Cette initiative vise à corriger les insuffisances longtemps relevées dans la gestion du secteur, notamment en matière de transparence et de rigueur. Désormais, les conditions d’obtention de documents clés — tels que les autorisations de coupe et de transport, ainsi que les agréments destinés aux importateurs et exportateurs de produits forestiers — sont clairement définies.

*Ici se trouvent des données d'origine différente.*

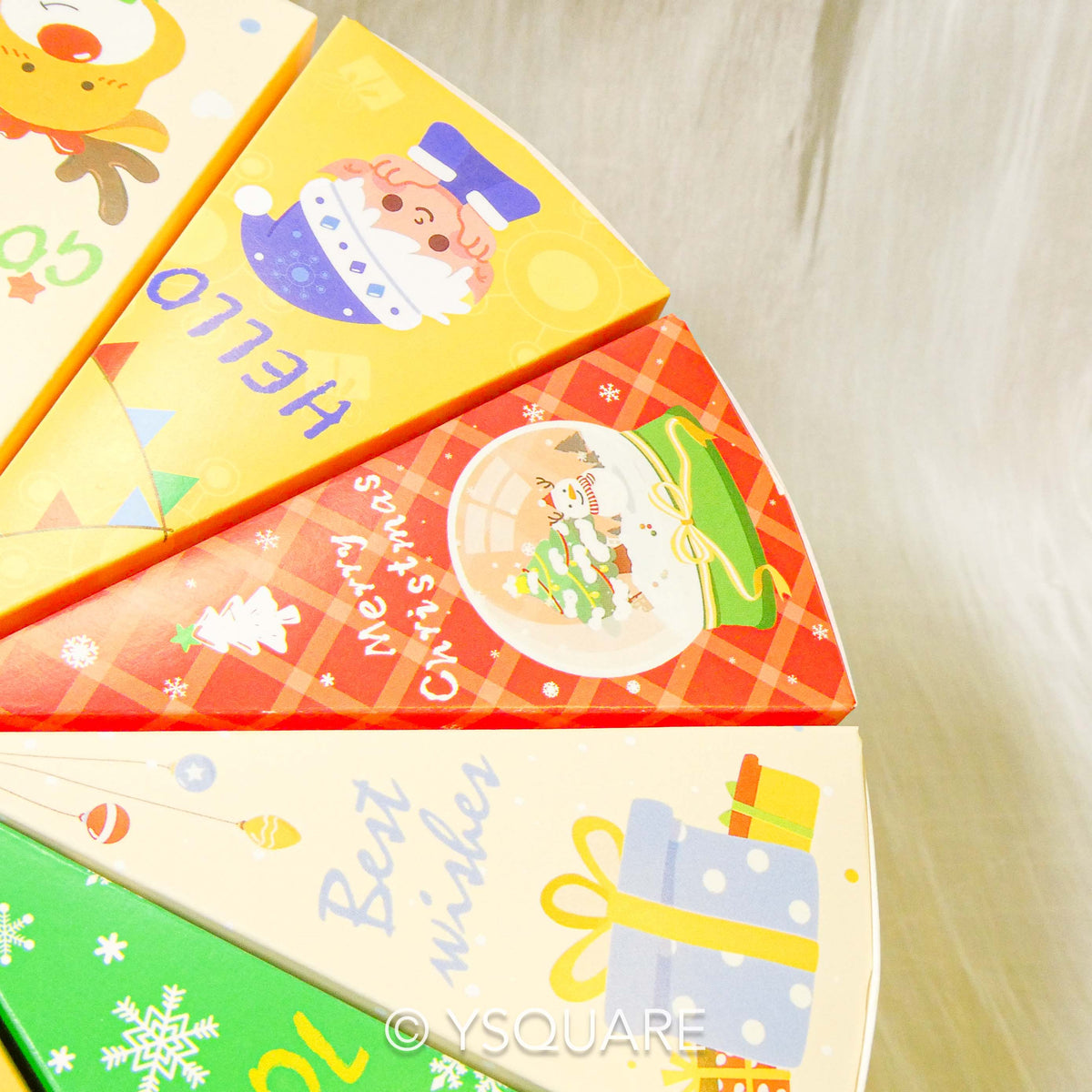 🎄 Boîte Mystère de Noël en forme de gâteau — 12 petites surprises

Au-delà du renforcement du cadre réglementaire, la réforme entend également simplifier les démarches administratives. L’objectif est de réduire les délais de traitement des dossiers tout en améliorant l’efficacité des services compétents. De nouveaux mécanismes de coordination ont également été mis en place pour mieux encadrer les activités et limiter les pratiques informelles.
Par ailleurs, les opérateurs exerçant en marge de la réglementation, notamment dans les dépôts de bois et les scieries, disposent d’un délai de 45 jours pour se conformer aux nouvelles exigences.
À travers cette mesure, les autorités togolaises affichent leur volonté de concilier exploitation économique et gestion durable des ressources forestières, dans un contexte marqué par une pression accrue sur les écosystèmes.